What is natural? What is man-made? What organic shapes can you find in tree bark or a piece of coral? For Year 5 children in Colmore Junior School this summer, this sorting exercise began a term's art work using nature, leading them to a wide range of media, from drawing, printing and photography to more abstract ideas such as "wind drawing" and large-scale textile pieces.
First, children used pencil sketches to design and draw an "organic shape" which was used as a basis for a mono print. (Many of these shapes resembled fungi or bacteria.) Choice of colour was important - the children used "earthy" and natural colours for their prints. To vary the texture, many worked back into their mono prints using soft drawing pencils, while others scratched through oil pastel work.
Each child made a large-scale close-up - rather like a microscopic image of a sample of bacteria - using the photocopier to enlarge a small area from their sketches and print it on A3 paper. They then applied thin watercolour washes to the photocopies so that the colours could merge and "bleed" into each other. The resulting images were quite abstract in form, but striking and very effective.
The children enjoyed working outside directly from nature. They especially liked "wind drawing", which involves attaching a pen to a piece of string and hanging it from a small branch or twig on a tree or shrub so that the nib just touches a sheet of paper placed on the ground below. When the wind blows, the pen moves across the paper. Setting this up is quite tricky, so we paired the children. Each wind drawing was a totally original piece of abstract art. Some children used music paper, and then spent a session with our music specialist, turning their wind drawings into a real musical piece with percussion instruments.
For homework, each child was given a disposable camera to take photographs of natural plant life around their home. They used the camera from a variety of angles, lying on the floor and looking up, or climbing a tree for an "aerial" view. They then tried to reproduce small areas of their favourite pictures in collage, using various papers, wools, threads, dried leaves and sequins. Rounding up the project, they took sketchbooks and pencils into the school garden and drew directly from nature. Using their viewfinders, they selected areas of foliage and drew "negative shapes" they could see between objects. This is a difficult concept, so the class were given a demonstration of the technique beforehand. Placing two tree cuttings onto an OHP and drawing the space works well.
The children used thin washes of watercolour to "block in" selected areas of their sketches. They then selected sections and redrew these to produce mixed-media studies with oil and water-based paints and batik wax on paper, producing complex and interesting textures. White poster paint was used to cover any areas that had become muddled or overworked. This gave the pieces greater form, structure and balance.
As a celebration of their work, the children made a large textile. On top of the batik base, details were worked in with various stitching techniques, such as running-stitch and French knots. Finally, we used electric sewing machines to apply padding to the back of the pieces, giving them three-dimensional bulk.
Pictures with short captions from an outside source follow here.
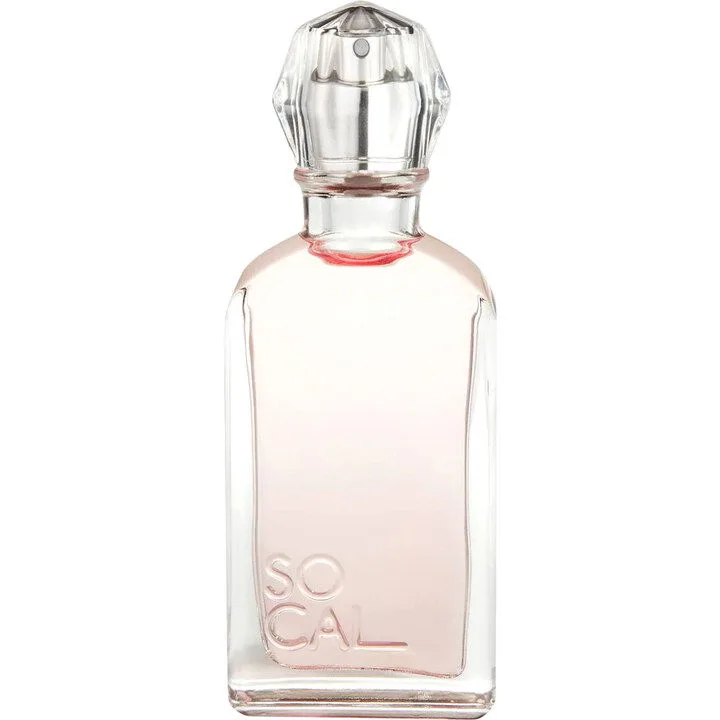 SoCal Hollister Eau de Parfum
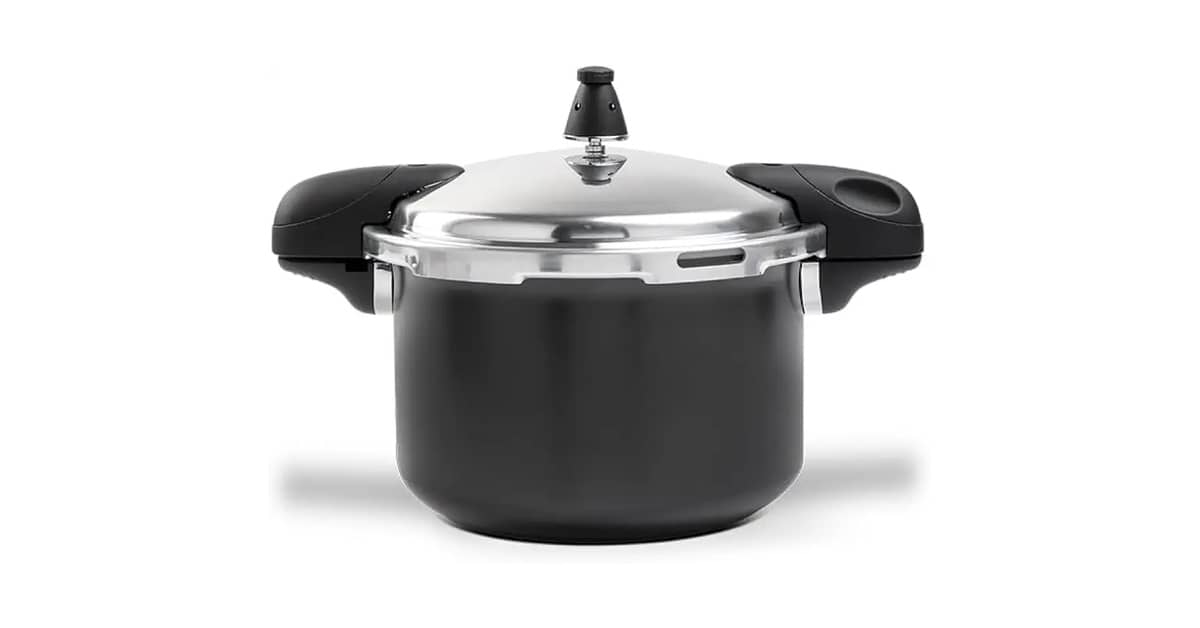 Melhor Panela de Pressão Indução: Guia de Escolha
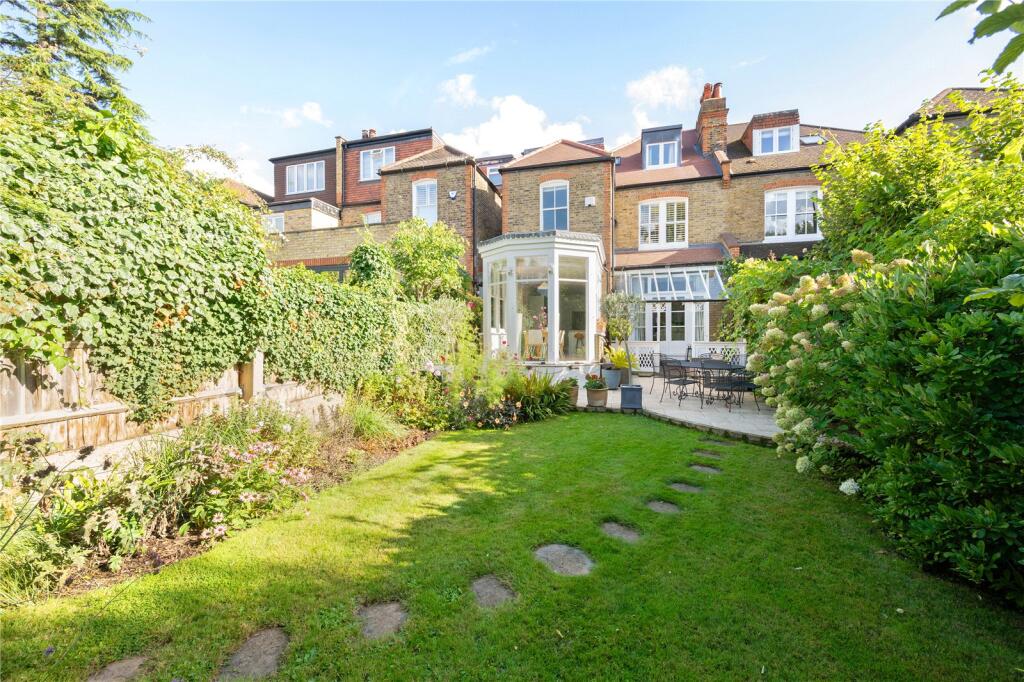 Main image of property: Sudbrooke Road, Between the Commons, SW12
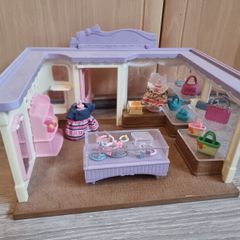 Sylvanian Families Boutique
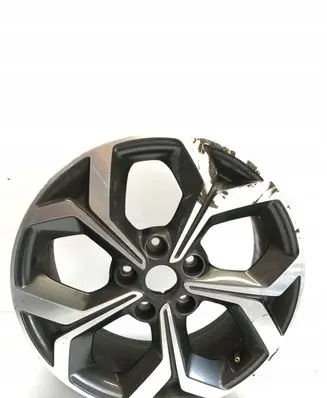 KIA Ceed R17 alloy rim 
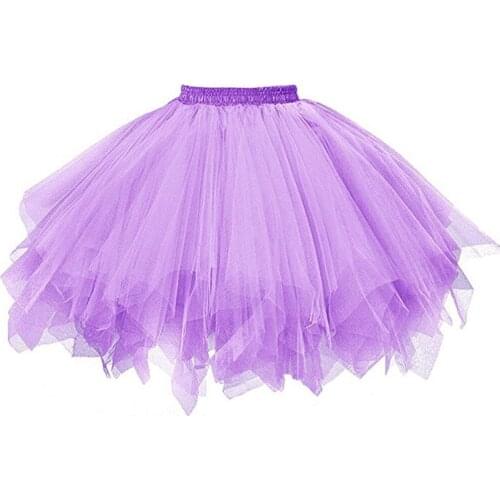 Womens Korean Fashion Mini Skirts High Quality Pleated Gauze Short Skirt Adult Tutu Dancing Sexy Harajuku Skirt Юбка Женская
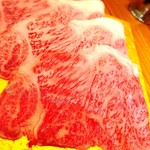 東京肉しゃぶ家 - 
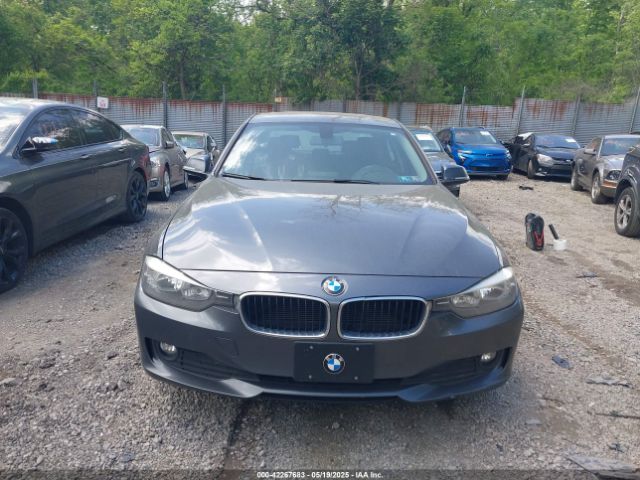 WBA3C3C57EP662795 BMW 320i Xdrive
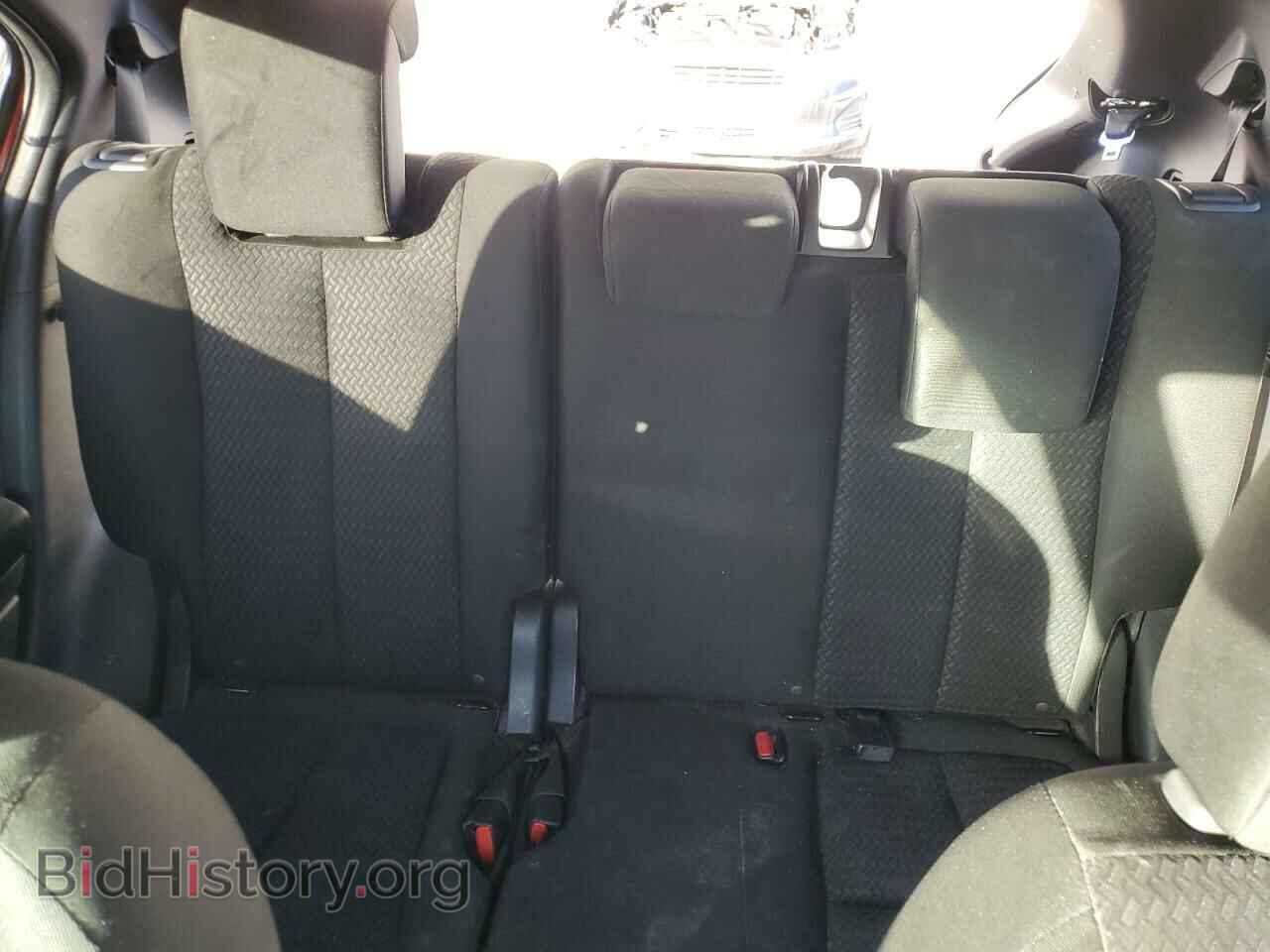 2019 MITSUBISHI ECLIPSE - VIN: JA4AS3AA0KZ040336 - Фото 10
It was a delightful embodiment of our summer.
PROJECT OUTLINE and RESOURCES
Unit 1: Drawing organic shapes
Resources: selection of natural and man-made objects, sketchbooks, drawing pencils and rubbers.
Unit 2: Mono printing organic shapes
Resources: work from sketchbooks from previous unit, printing inks, rollers, pencils and paper, oil pastels or watercolour pencils to add details.
Unit 3: Close-up views
Resources: enlarged photocopies from previous unit, watercolours and brushes.
Unit 4: Wind drawing
Resources: string, scissors, masking tape, black fibre-tip pens and various types of paper.
Unit 5: Photography
Resources: disposable or digital camera.
Unit 6: Collage
Resources: photographic prints from previous unit, view finders, large variety of collage materials, glue and scissors.
Unit 7: Watercolour sketches
Resources: sketchbooks, view finders, drawing pencils, watercolours and brushes.
Unit 8 Multimedia studies
Resources: sketches from previous unit, view finders, watercolours, watercolour pencils, oil pastels, drawing inks, white poster paint and brushes.
Unit 9: Batik studies
Resources: sketchbooks, paper, view finders, batik wax and tools, batik inks, brushes, iron, newspapers, pencils and oil pastels.
Unit 10: Textiles
Resources: white cotton, batik wax, tools and inks, brushes, sketches from previous units, needles, thread, iron, sewing machine, newspapers and padding material.